### Work instruction:
Find all lines in the records that include the word "https", and copy them out.

━━━━━ Data for analysis ━━━━━

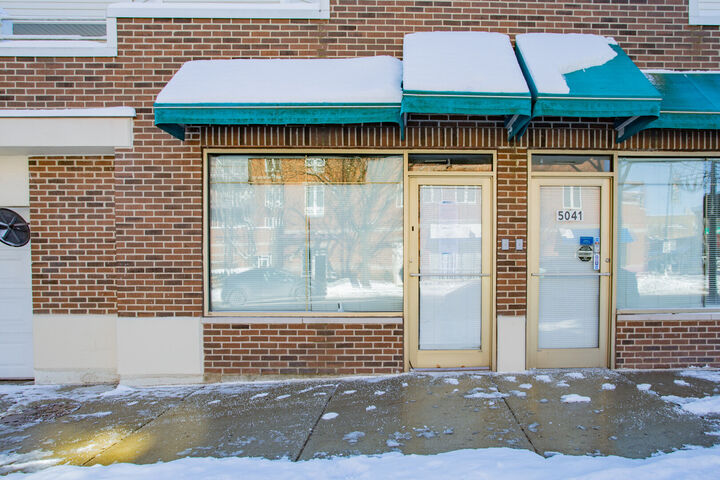 Property Photo:  5039 Warren Street  IL 60077 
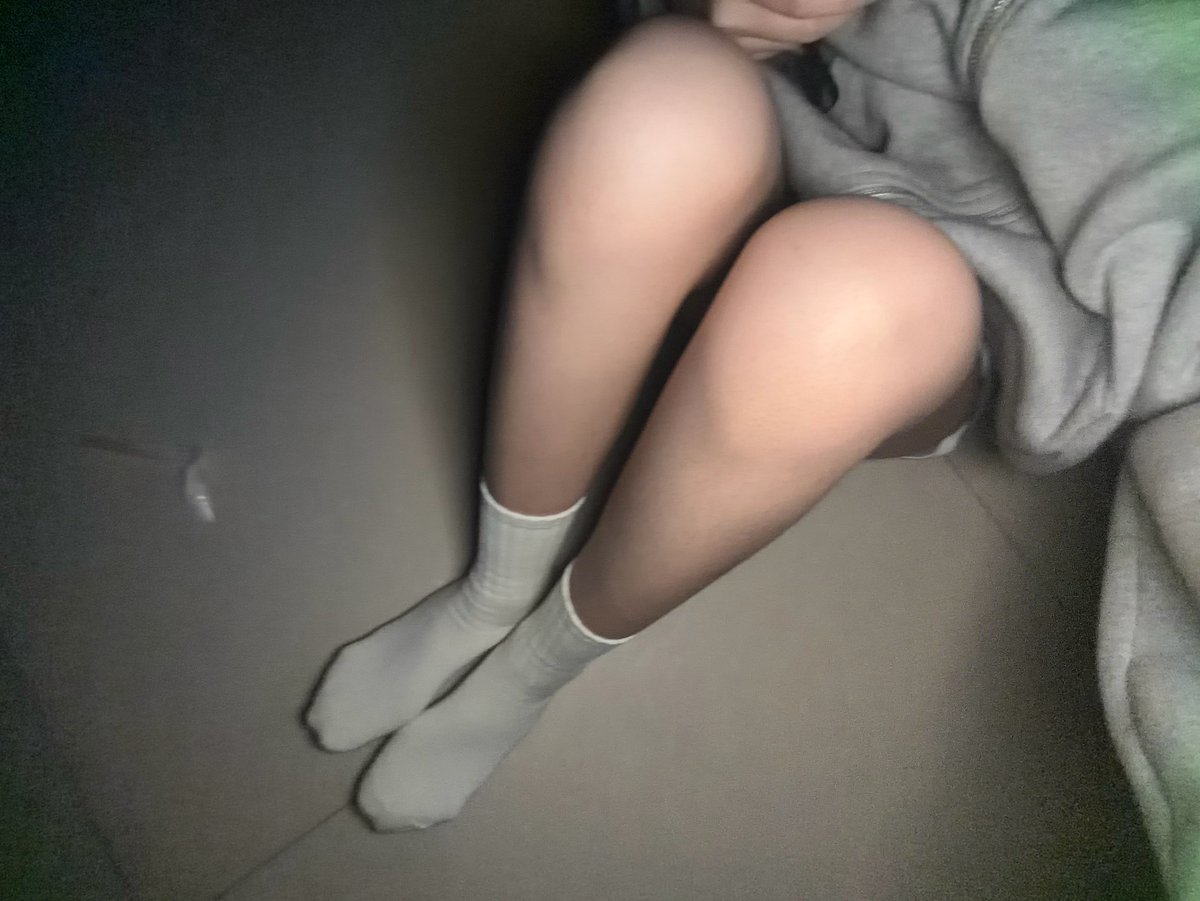 Yanyan_Socks's tweet photo. 下午突然下了一點雨，本來想直接回家，結果跑去超市亂逛了一圈，還好我的鞋子和襪襪都沒濕掉！！
白襪白襪～歡迎帶走
https://t.co/Zn9H7c3ujM

妍妍 YanYan 🐰
#女大生 #19歲 #大學生 #學生原味 https://t.co/g5V83KK7kO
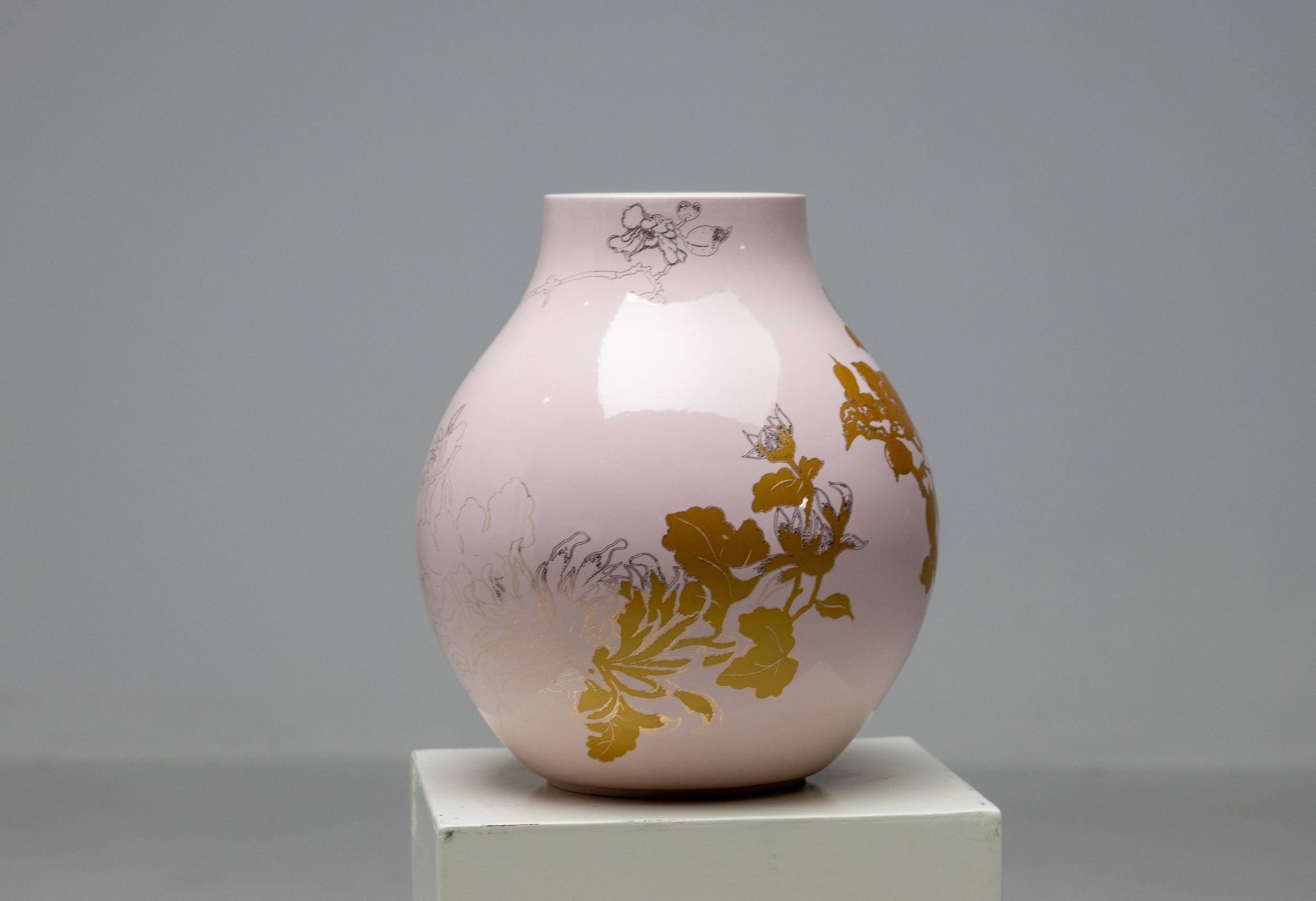 Pink & Gold Vase by Hella Jongerius  In Excellent Condition In Dronten, NL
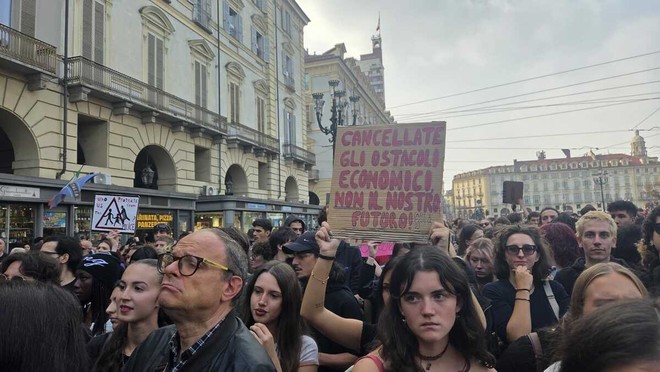 Manifestazione contro il carovita in piazza Castello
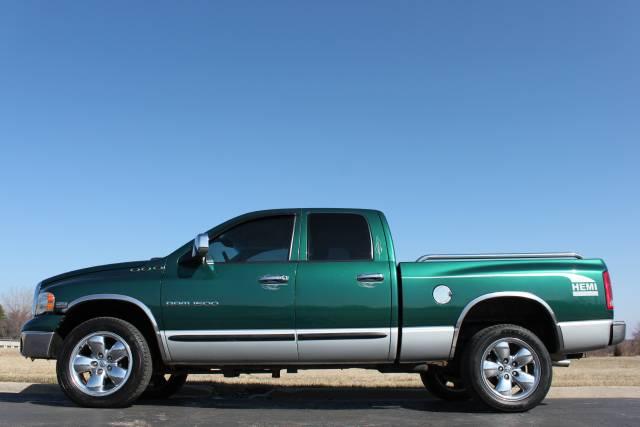 Dodge Ram Pickup 2003 photo 3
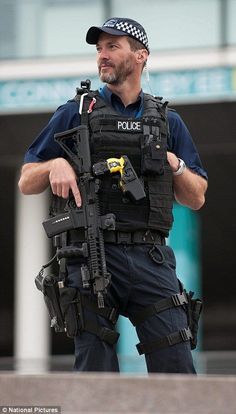 Armed Police, British Police, Police Uniforms, Military Police, Police Force, Men In Uniform, Military Men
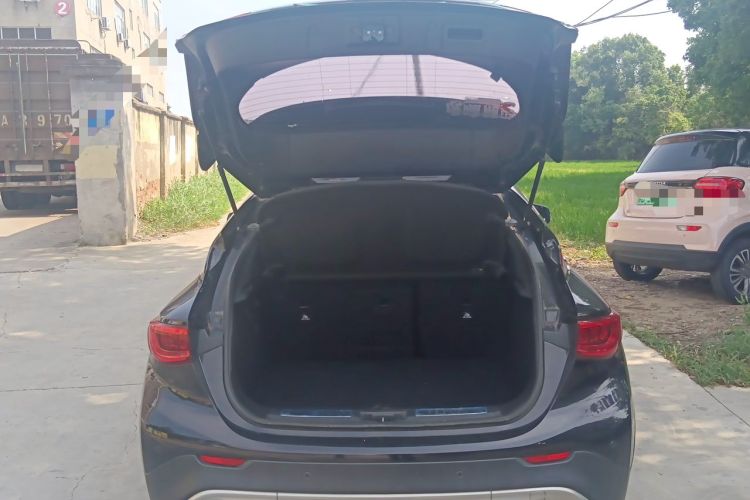 Used Infiniti QX30 2017 1.6T Two-Wheel-Drive Sport Edition Trunk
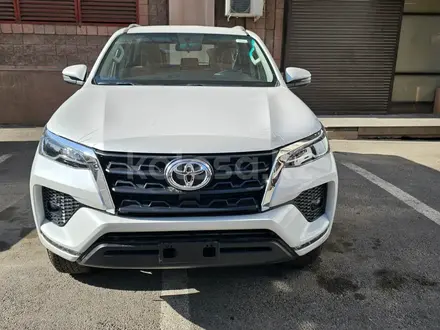 Toyota Fortuner 2023 года за 22 800 000 тг. в Алматы – фото 3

━━━━━

### Answer space:
https://t.co/Zn9H7c3ujM
#女大生 #19歲 #大學生 #學生原味 https://t.co/g5V83KK7kO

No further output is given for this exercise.